Bathroom bill fight is far from over | Arkansas Blog

Friday, March 3, 2017

Bathroom bill fight is far from over

Posted By on Fri, Mar 3, 2017 at 9:59 AM

STILL FIGHTING THE BATHROOM WAR: Sen. Greg Standridge.
  • STILL FIGHTING THE BATHROOM WAR: Sen. Greg Standridge.
Don't be misled by headlines that say Sen. Greg Standridge (R-Russellville) will withdraw a broad bill to prohibit use of any public restroom by someone with a birth certificate that doesn't match the posted gender. The bathroom fight isn't over.

As this article makes clear, he has further unconstitutional meanness in mind.

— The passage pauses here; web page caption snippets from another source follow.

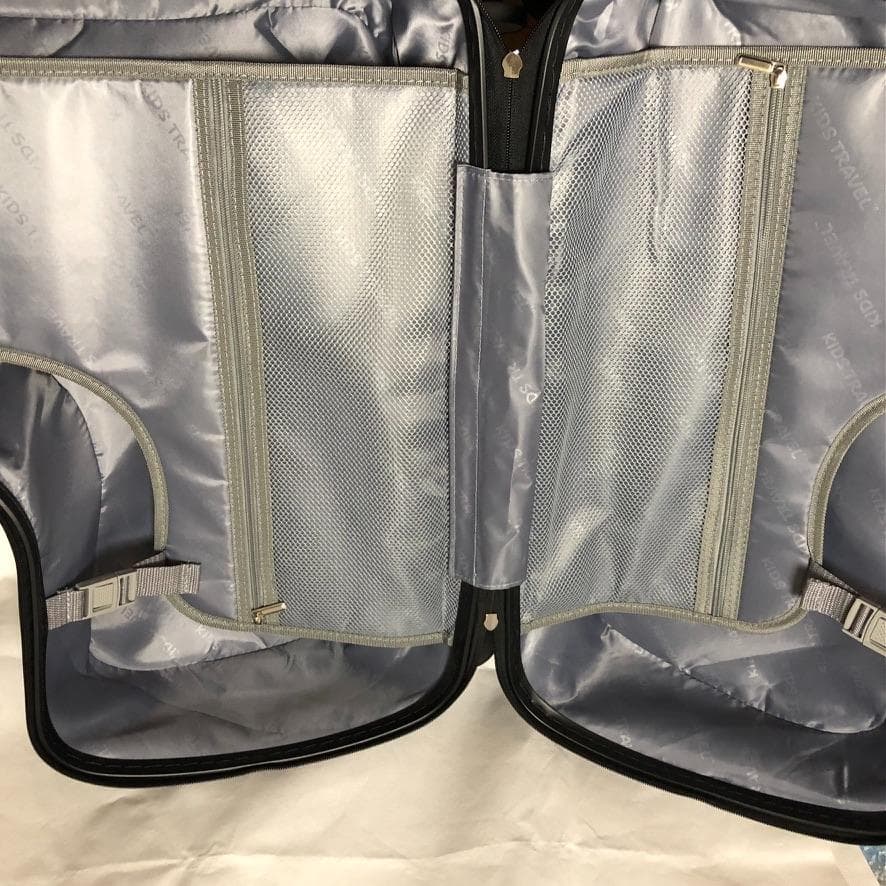 中古】子供が乗れるキャリーケース キッズトラベル Mサイズ ブラックZ6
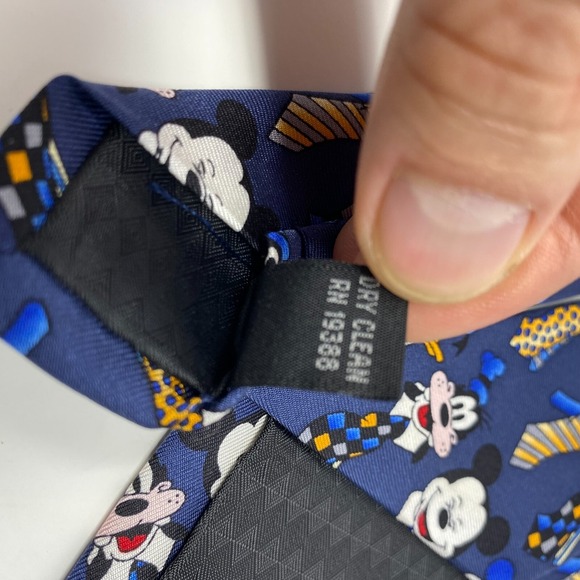 Walt Disney World Tie 100% Silk Men 57" Necktie Mickey Mouse Goofy Donald Duck - Picture 6 of 8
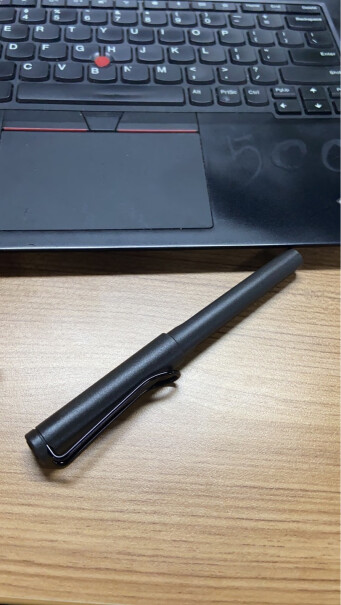 笔类凌美宝珠笔狩猎系列磨砂黑ABS材质签字笔0.7mm评测数据如何,全方位评测分享！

Standridge said Thursday that instead of seeking passage of his bathroom-access bill he will file a bill to "help our school superintendents, school boards and everything else ... feel a little more comfortable about setting their policies when it comes to dealing with bathroom issues."

The planned bill would give schools immunity from lawsuits over their policies on bathroom access, but it would not dictate what those policies should be, he said.
Come on. You know what this is about. It's to give a pass to discrimination against transgender students. Standridge isn't looking to protect the rare school district that respects and protects transgender students.

Standridge and others depict this as "compromise" and not a "North Carolina bill." They are wrong. There is no compromise. Also: Arkansas is already North Carolina. We have two laws from 2015 every bit as bad as that in North Carolina. We have legalized discrimination against LGBT people to all who cite a religious pretext and the anti-gay Arkansas Supreme Court just said another law prohibits local governments from giving civil rights protection to LGBT people.

Standridge's civil immunity bill for schools that allow discrimination against transgender children would give us a trifecta of discrimination. No human rights group will support it. Federal constitutional rights are not to be given away by the Arkansas legislature, though it certainly tried to do so in the Faubus era. Any civil immunity granted here might well be upheld by a state Supreme Court ever ready to kiss up to the legislature, but — so far — the Arkansas legislature doesn't set federal court rules.

Mean and stupid is no way to go through life, but the Arkansas legislature this week seems determined to do otherwise.

Almost alone among his GOP posse, Gov. Asa Hutchinson has not been mean and stupid during this legislative session. He's tried to keep this issue off the table. Can he succeed this rebranded assault on children?